Symptoms included dribbling, difficulty swallowing and an inability to fully close his left eye.
The patient attended an emergency department where he was prescribed a course of steroids before being referred to the Emergency Ear and Nose Clinic.
Writing in the journal BMJ Case Reports, doctors said: “The occurrence of the episodes immediately after each vaccine dose strongly suggests that the Bell’s palsy was attributed to the Pfizer-BioNTech vaccine, although a causal relationship cannot be established”.
Bell’s palsy is believed to be related to facial nerve inflammation and swelling due to build up or build caused by a virus, which causes weakness or paralysis on one side of the face.
Health professionals caring for the patient reported that his symptoms have greatly improved.

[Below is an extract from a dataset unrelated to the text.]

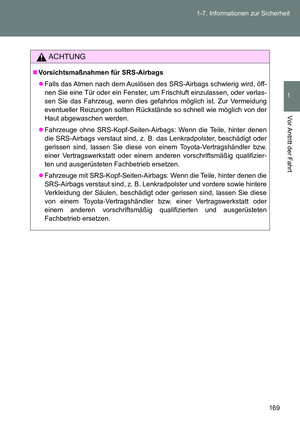Page 169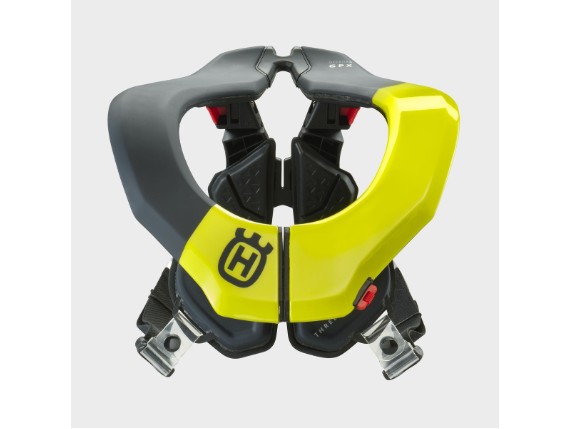 pho_hs_pers_vs_94005_3hs220039300_neck_brace_3_5_gpx_junior_front__sall__awsg__v1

They said: “The patient has been advised to discuss future mRNA vaccines with the GP on a case-by-case basis, taking into account risk versus benefit of having each vaccine.”
Two separate studies published in JAMA Otolaryngology-Head and Neck surgery suggested that the Pfizer vaccines has not been linked with a higher risk for Bell’s palsy, but COVID-19 itself does increased the risk.
One study involved 110 people in Israel who received the Pfizer-BioNTech vaccine, including 37 in whom the characteristics developed on average nine days after the first dose or 14 days after the second dose.
After accounting for underlying risk factors for Bell’s palsy, the researchers concluded the vaccine itself did not increase the risk.
Dr Akina Tamaki, of University Hospitals Cleveland Medical Centre, who coauthored the second study, said: “Our data suggest that rates of facial nerve palsy are higher in patients who are positive for COVID-19.
“Taken together, it supports that the vaccine is safe from a facial nerve paralysis standpoint.”
The findings come as every adults in the UK has been offered a first dose of a COVID-19 vaccine, hitting the Prime Minister’s target ahead of schedule.
More than 82,413,766 doses have been administered in the UK with 87.9 percent receiving a first dose and 68.5 percent receiving both vaccines.
More than 46 million people have received a first dose of a COVID-19 vaccine in the UK, with nearly 10 million jabs administered. in London alone, according to Sadiq Khan.
The mayor said the vaccine roll-out meant the sharp increase in the number of cases in the capital was not leading to similar increase in hospitalisations and deaths.
“Those above the age of 40, more than three quarters of the have had a double dose of the vaccine.
“We’re focussing now on younger people, those between 18-30, now a million of them have had the jab.”
Data from Public Health England (PHE) show COVID-19 vaccines are highly effective against hospitalisation from the Delta variant.
The analysis shows the Pfizer-BioNTech is 96 percent effect and the Oxford-AstraZeneca vaccine is 92 percent effective against hospitalisations after two doses.